### [Task to carry out]
The copy you return must begin at the line containing "Hello everyone, welcome" and end at the final line of the listing below, with every picture left out.

### [Recorded information]
****
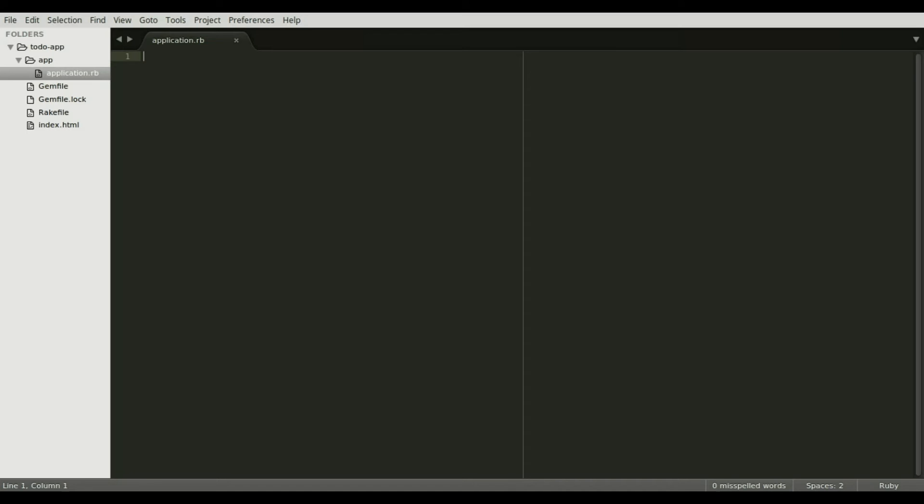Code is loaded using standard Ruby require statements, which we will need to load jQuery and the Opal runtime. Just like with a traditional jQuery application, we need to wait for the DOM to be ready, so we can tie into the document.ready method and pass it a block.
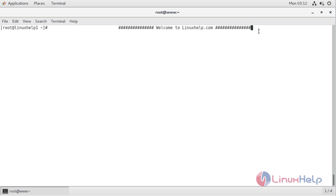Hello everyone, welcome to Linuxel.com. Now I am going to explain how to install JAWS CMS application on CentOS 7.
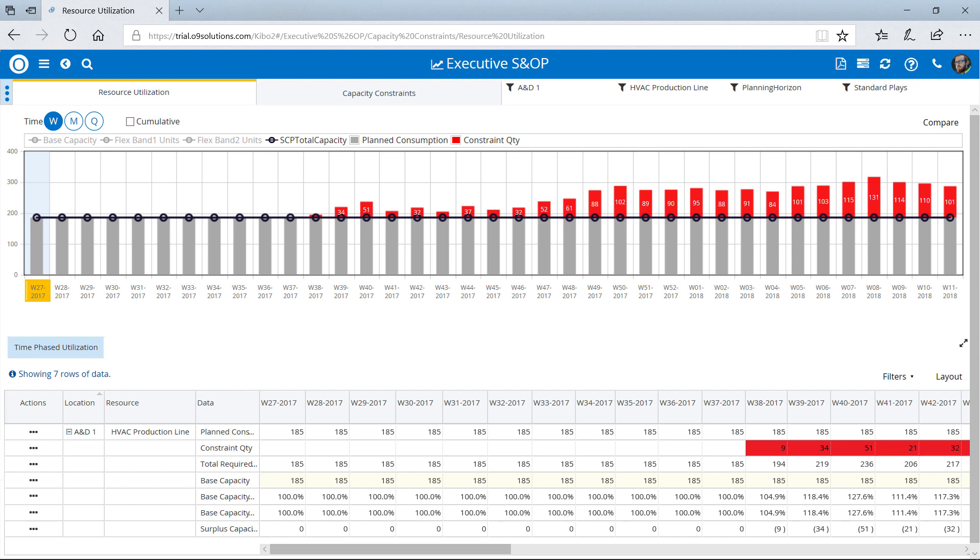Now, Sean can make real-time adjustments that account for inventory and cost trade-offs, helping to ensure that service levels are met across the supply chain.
****
### [Answer section]
Hello everyone, welcome to Linuxel.com. Now I am going to explain how to install JAWS CMS application on CentOS 7.
Now, Sean can make real-time adjustments that account for inventory and cost trade-offs, helping to ensure that service levels are met across the supply chain.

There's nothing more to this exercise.